Il mondo si riarma, torna a sdoganare la guerra come strumento di politica estera, denigra e umilia le Nazioni Unite e gli altri organismi multilaterali. In questo quadro, un intervento della CPI – insieme al precedente pronunciamento della Corte di Giustizia Europea (CGE) sul rischio di genocidio – giungerebbe a ribadire con forza «il problema della illegittimità delle guerre di sterminio». Una dichiarazione importante, anche se quasi sicuramente «i capi di Hamas e di Israele non andranno in carcere». Resta comunque sabbia negli ingranaggi collaudati dell’impunità di Israele sostenuto dai sui alleati storici: «Le reazioni rabbiose di Tel Aviv dimostrano che il provvedimento del procuratore Khan apre una pagina nuova». Che sarà prontamente chiusa dai poteri occidentali vicini a Isralee, se il movimento pacifista globale non cercherà «di inserirsi all’interno della breccia che si è aperta, tentando di assumere lo spessore del positivo condizionamento internazionale». L’appello di Russo Spena è un invito alla lotta di popolo, «perché non muoia il diritto universale.

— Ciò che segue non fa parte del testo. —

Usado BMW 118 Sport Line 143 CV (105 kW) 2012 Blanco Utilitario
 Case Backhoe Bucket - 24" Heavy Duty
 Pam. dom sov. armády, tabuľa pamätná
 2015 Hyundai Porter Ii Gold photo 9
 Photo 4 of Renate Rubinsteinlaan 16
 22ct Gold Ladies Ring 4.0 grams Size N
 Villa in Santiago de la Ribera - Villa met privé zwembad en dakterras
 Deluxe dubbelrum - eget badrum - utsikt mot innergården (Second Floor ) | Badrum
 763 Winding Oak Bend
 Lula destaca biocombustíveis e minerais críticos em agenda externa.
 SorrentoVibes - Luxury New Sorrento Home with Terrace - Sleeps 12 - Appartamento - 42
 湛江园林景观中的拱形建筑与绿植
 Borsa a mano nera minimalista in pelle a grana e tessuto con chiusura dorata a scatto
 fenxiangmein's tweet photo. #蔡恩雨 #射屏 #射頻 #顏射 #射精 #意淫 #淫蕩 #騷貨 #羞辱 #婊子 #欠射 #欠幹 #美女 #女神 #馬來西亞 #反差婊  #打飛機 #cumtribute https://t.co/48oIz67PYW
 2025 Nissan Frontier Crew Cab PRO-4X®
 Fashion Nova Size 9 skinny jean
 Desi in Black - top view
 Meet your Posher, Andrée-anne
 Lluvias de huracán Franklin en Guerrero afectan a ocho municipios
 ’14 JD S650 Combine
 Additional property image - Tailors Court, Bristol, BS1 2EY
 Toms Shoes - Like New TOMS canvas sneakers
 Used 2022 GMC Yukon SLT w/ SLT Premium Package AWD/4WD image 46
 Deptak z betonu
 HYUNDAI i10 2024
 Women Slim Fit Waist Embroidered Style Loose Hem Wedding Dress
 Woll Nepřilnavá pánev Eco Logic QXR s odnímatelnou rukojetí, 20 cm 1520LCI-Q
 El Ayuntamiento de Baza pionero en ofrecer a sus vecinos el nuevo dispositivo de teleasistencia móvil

Sappiamo che le organizzazioni internazionali sono assediate dai poteri internazionali e dalla geopolitica» e «il governo israeliano, che si ritiene al di sopra delle leggi, continuerà i crimini di guerra e i saccheggi degli aiuti umanitari. Però, a questo punto, diventa ancor più palese la configurazione del crimine internazionale, che porrebbe Israele ufficialmente al di fuori dello statuto delle Nazioni Unite».

Cosa cambia ora?, si chiede Russo Spena, dopo la richiesta di un mandato d’arresto di Khan, «potranno più gli Stati occidentali essere così benevoli dopo lo sterminio di cui parla il procuratore generale?». E «l’Unione Europea potrà continuare a volgere altrove lo sguardo, bollando ogni critica come “antisemitismo”? Potrà continuare l’esportazione di armi e la collaborazione su progetti universitari “dual use”? Può darsi, come dice l’ineffabile presidente inglese, che nulla dovrà accadere. Ma il mondo, allora, avrà perso un’altra occasione. Sarà l’ultima?».